- Nikki Baughan
- 29 September 2017
A strong cast can't save this remake from death by misadventure
Despite the appearance of original star Kiefer Sutherland, in a thankless cameo as a grizzled lecturer, this remake of Joel Schumacher's 1990 brat pack horror proves to be a straightforward (and entirely unnecessary) rehash which proves utterly dead on arrival.
It sees a group of medical students embarking on a series of underground experiments – literally, as they take place in a conveniently-deserted-yet spotlessly-clean-and-well-stocked basement hospital – in which they kill themselves, experience the afterlife and are then brought back from the dead. When they begin to be haunted by visions they had during their flatlines, however, they soon realise there are some serious consequences to playing God.

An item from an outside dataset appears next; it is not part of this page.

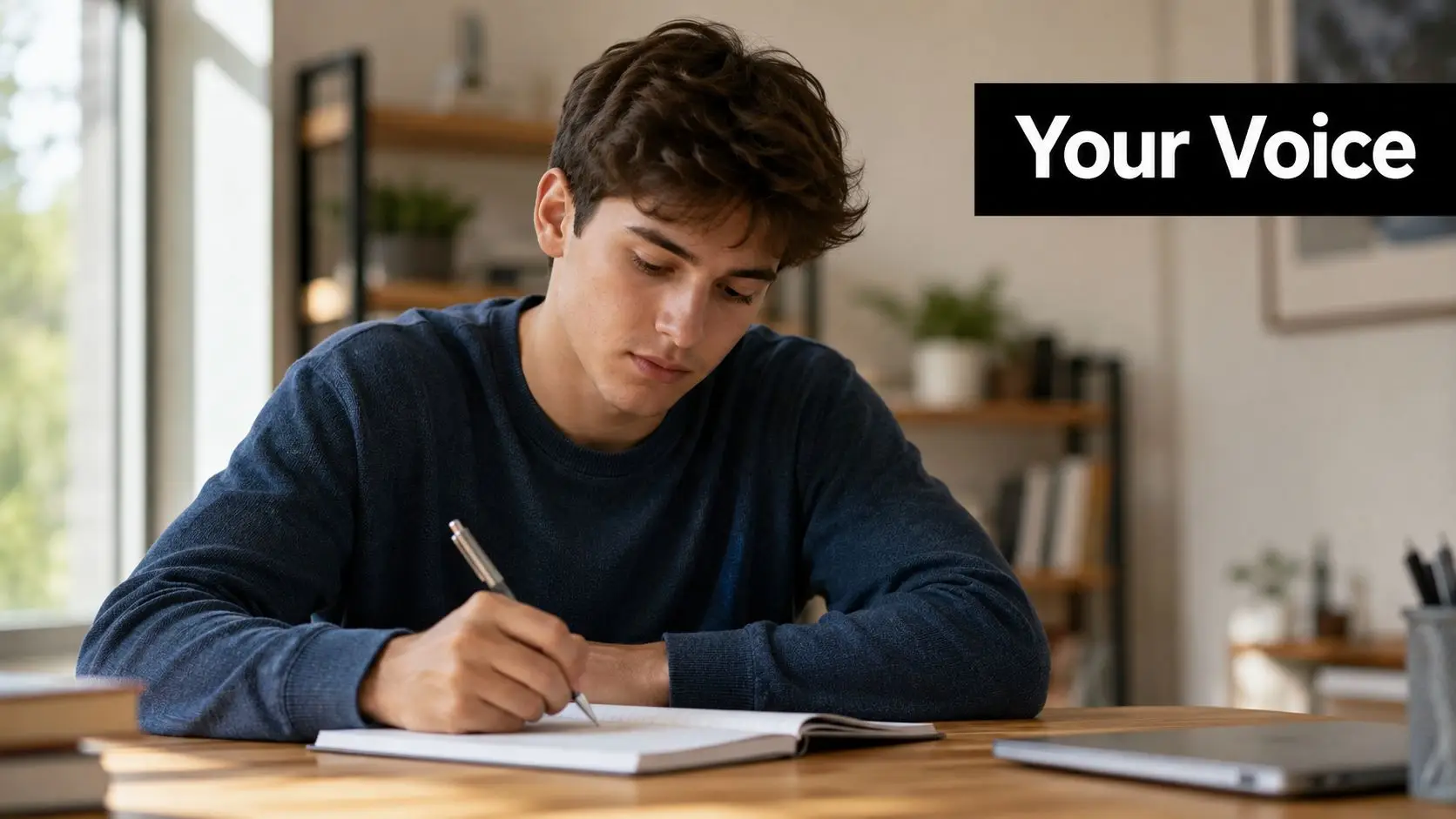 A young man sitting at a desk and focusing intently while writing in a notebook.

While these protagonists share some similarities with the characters of the original, they are a decidedly unlikeable bunch. Self-serving and competitive, their desire to push the limits of human experience comes not from scientific ambitions but selfish navel gazing. Some are seeking to be absolved from past guilt, like ringleader Courtney (Ellen Page), who carries with her debilitating guilt over the death of her sister, others, like playboy Jamie (James Norton) are simply looking for fame and success.
And what they find when they go under is less to do with expanding human consciousness, and more a deep dive into their past misdemeanours. Of course, this focus on the individual was also true in the original, but this update's flippant screenplay and pulsing VFX seem to underscore the juvenile stupidity of these 20-somethings' endeavours. Tonally, there's no reverence to the life-and-death issues at play here; from the opening sequence onwards, the film has the look and feel of a strobing music video.
It doesn't help that director Niels Arden Oplev (The Girl With The Dragon Tattoo) and screenwriter Ben Ripley seem determined to hit every note in the modern horror playbook; creepy kids, shower curtains and distorted radios providing a litany of obvious jump scares. The strong, diverse cast members try their best, but are hampered at every turn by genre cliche, lumbering dialogue ('I need you to come back… to me,' breathes Diego Luna as he plunges a needle deep into Nina Dobrev's cleavage) and ridiculous set-pieces; a drunken hailstorm fight, several shoehorned-in sex scenes.
Schumacher's Flatliners could only ever be described as an enjoyable romp but, in comparison to this glossy, soulless affair it's elevated to cinematic masterpiece. If only it had come with the instruction 'Do Not Resuscitate'.